8 décembre, le soir.

Elle a jeté sur tout un regard interdit ;
Puis, d’une voix éteinte et tendre, elle m’a dit :
« Il est donc vrai ! tu sais !… Si je n’ai plus qu’une heure
» À vivre, oh ! Jocelyn, pardonne, et que je meure !
» Je t’ai trompé ; mon père ainsi l’avait voulu :
» Je devais respecter mon serment absolu.
» Il m’avait interdit à son moment suprême
» De révéler mon sexe à personne, à toi-même.
» Soit que, sous cet habit qui dût me protéger,
» Il crût de son enfant les jours moins en danger,
» Soit qu’il eût je ne sais quelle autre prévoyance,
» Je devais à son ordre aveugle obéissance.
» Mais qu’il m’en a coûté de me cacher de toi !
» Oui, j’aurais dû penser que j’outrageais ta foi,
» Que nous n’étions pas deux, que mon âme et la tienne
» N’ont rien qui ne se mêle et qui ne s’appartienne.
» Faut-il te l’avouer ? Souvent je le pensai,
» Souvent je résolus, souvent je commençai ;
» Mais toujours, au moment de trahir mon mystère,
» Je ne sais quelle main me forçait à me taire.
» J’avais trop attendu déjà, je n’osais plus ;
» Mon front couvert de honte était rouge et confus.
» Puis je savais ta vie et ta pieuse enfance ;
» Je redoutais l’effet de cette confidence,
» J’avais peur du regard que tu me jetterais,
» Du son de voix, du mot froid que tu me dirais :

» Ce mot, pour moi, c’était ou la mort ou la vie !
» Je mourais à tes pieds, si tu m’avais bannie !
» Oh ! pouvais-je risquer, contre un précoce aveu,
» Cent fois plus que ma vie à ce terrible jeu ?
» J’aimais mieux me fier à cette destinée
» Qui m’avait de si loin dans ton ombre amenée,
» Jouir du jour au jour, et remettre à plus tard ;
» Tout attendre de Dieu, du moment, du hasard.
» Ah ! ce hasard fatal n’est venu que trop vite !
» Mais si ta main se ferme et si ton cœur hésite,
» Oh ! du moins, Jocelyn, je ne le saurai pas !…
» J’ai cherché la tempête et la mort sous tes pas ;
» Avec joie à la mort j’ai couru pour te suivre :
» L’abîme me prend seule, et toi te laisse vivre.
» Tu sais tout, mais je meurs ! Dis, me pardonnes-tu ? »

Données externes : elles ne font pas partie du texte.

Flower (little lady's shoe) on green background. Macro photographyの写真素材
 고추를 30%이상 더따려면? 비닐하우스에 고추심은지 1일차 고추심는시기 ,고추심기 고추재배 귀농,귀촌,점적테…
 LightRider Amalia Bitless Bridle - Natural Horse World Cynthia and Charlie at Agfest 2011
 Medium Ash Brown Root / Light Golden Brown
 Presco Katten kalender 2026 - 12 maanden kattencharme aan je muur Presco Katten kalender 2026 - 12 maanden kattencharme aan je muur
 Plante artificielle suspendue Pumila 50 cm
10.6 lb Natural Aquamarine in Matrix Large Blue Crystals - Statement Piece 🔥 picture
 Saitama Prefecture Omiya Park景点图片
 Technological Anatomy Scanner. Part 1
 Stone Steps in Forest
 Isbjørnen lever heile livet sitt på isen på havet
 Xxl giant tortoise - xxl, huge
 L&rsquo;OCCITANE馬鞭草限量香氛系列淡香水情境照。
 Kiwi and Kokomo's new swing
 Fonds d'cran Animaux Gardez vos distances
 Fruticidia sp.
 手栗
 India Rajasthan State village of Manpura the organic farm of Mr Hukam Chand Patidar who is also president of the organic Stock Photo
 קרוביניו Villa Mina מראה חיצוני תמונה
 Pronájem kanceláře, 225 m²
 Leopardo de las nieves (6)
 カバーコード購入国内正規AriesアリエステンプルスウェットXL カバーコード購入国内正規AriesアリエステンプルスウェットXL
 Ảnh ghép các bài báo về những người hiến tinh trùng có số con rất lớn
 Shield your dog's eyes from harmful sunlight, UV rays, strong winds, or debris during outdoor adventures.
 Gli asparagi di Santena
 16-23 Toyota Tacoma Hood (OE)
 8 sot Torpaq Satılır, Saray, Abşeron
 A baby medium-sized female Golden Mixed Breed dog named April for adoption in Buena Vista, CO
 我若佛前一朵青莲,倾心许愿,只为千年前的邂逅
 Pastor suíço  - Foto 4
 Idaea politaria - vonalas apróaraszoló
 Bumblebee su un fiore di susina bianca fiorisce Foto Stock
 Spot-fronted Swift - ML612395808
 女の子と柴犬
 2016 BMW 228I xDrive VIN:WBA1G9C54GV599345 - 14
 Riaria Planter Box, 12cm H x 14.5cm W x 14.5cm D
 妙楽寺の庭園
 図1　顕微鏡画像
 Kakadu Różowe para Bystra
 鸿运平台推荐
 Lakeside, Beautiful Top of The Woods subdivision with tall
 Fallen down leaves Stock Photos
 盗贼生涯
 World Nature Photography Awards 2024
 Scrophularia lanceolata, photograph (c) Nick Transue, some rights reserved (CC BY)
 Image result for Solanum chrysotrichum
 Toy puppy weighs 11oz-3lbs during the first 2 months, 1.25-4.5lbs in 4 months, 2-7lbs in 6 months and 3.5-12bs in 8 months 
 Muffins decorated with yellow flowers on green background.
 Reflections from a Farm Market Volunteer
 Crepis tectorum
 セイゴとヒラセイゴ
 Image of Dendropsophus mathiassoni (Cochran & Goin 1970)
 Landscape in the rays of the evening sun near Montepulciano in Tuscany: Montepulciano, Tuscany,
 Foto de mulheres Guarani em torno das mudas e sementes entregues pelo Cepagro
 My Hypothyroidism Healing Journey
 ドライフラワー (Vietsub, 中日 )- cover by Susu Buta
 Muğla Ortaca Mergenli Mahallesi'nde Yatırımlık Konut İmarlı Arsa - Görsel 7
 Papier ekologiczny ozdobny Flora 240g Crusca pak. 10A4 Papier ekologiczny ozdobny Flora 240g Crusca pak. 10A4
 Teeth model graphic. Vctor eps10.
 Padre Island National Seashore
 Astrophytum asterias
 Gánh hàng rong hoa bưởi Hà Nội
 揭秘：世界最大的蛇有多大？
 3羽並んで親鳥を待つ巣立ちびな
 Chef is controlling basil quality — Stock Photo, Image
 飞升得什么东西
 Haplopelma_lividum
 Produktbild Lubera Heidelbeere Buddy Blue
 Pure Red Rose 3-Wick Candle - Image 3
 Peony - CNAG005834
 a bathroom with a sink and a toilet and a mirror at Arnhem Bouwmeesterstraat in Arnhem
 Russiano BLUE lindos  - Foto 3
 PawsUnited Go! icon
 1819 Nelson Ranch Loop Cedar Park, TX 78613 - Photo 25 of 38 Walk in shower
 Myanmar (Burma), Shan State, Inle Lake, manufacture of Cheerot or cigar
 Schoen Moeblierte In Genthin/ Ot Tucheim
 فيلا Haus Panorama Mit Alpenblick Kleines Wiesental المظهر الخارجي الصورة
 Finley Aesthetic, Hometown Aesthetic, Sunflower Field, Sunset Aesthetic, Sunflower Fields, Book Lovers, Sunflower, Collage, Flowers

Les anges du ciel même ont-ils cette vertu ?
Peuvent-ils de leurs mains, sans pitié pour eux-même,
Se déchirer en deux dans le cœur qui les aime ?
Pour moi, faible mortel, fait de sang et de chair,
Je ne pus me frapper sur un être si cher,
Et, repoussant l’amour dans le sein qui se donne,
Briser notre âme en deux. « Oh ! oui, je te pardonne,
» Lui dis-je, enfant ou sœur, pauvre être abandonné,
» L’amour que je te donne et que tu m’as donné !
» De tous les noms sacrés dont sur terre on s’adore
» Je te nomme… et je t’aime, et j’en invente encore !
» Ah ! vis pour les entendre et les répéter tous !
» Que Dieu nous illumine et dispose de nous ;
» Dans ce ciel où ses mains nous ont portés d’avance,
» Comme deux esprits purs vivons en sa présence,
» Et laissons-lui le soin, à lui seul, de nommer
» L’amour ou l’amitié dont il faut nous aimer ! »

9 décembre 1794, le soir.

On eût dit que sa vie eût coulé par ma bouche,
Et son cœur soulevait le manteau sur sa couche :
— « Que tu m’as fait de bien ! dit-elle. Oh ! quel bonheur !
» Quoi, nous n’étions qu’amis, nous serons frère et sœur !
» Frère ! sœur ! oh ! s’il est un nom encor plus tendre,
» Laisse-moi le chercher pour te le faire entendre ;
» Tu m’aimes donc de même après l’aveu fatal ?
» — C’est toujours toi !… Pourtant, Laurence, tu fis mal
» De me tromper ; on doit tout dire à ce qu’on aime.
» Tu m’exposais, enfant, à me tromper moi-même,
» À prendre auprès de toi, sans soupçon, jour à jour,
» Pour la sainte amitié quelque coupable amour ;
» À puiser, dans tes yeux et dans la solitude,
» D’un bonheur surhumain l’enivrante habitude ;
» Et, quand il eût fallu fuir et ne plus te voir,
» À mourir de ma honte ou de mon désespoir.
» Car, vois-tu, bien qu’encore aucun vœu ne me lie,
» Aux autels, tu le sais, j’ai destiné ma vie ;
» Ma promesse au Seigneur me dévouait à lui :
» Qui sait si je puis même y manquer aujourd’hui ?
» Qui sait, lorsque le sang du martyre l’arrose,
» Si je puis en honneur abandonner sa cause ?
» De l’Église où j’entrai sur mes pas revenir ?
» Et, sans m’être rendu par Dieu, m’appartenir ?
» Pour savoir quel arrêt d’en haut il faut attendre,
» Par la voix des pasteurs j’ai besoin de l’entendre.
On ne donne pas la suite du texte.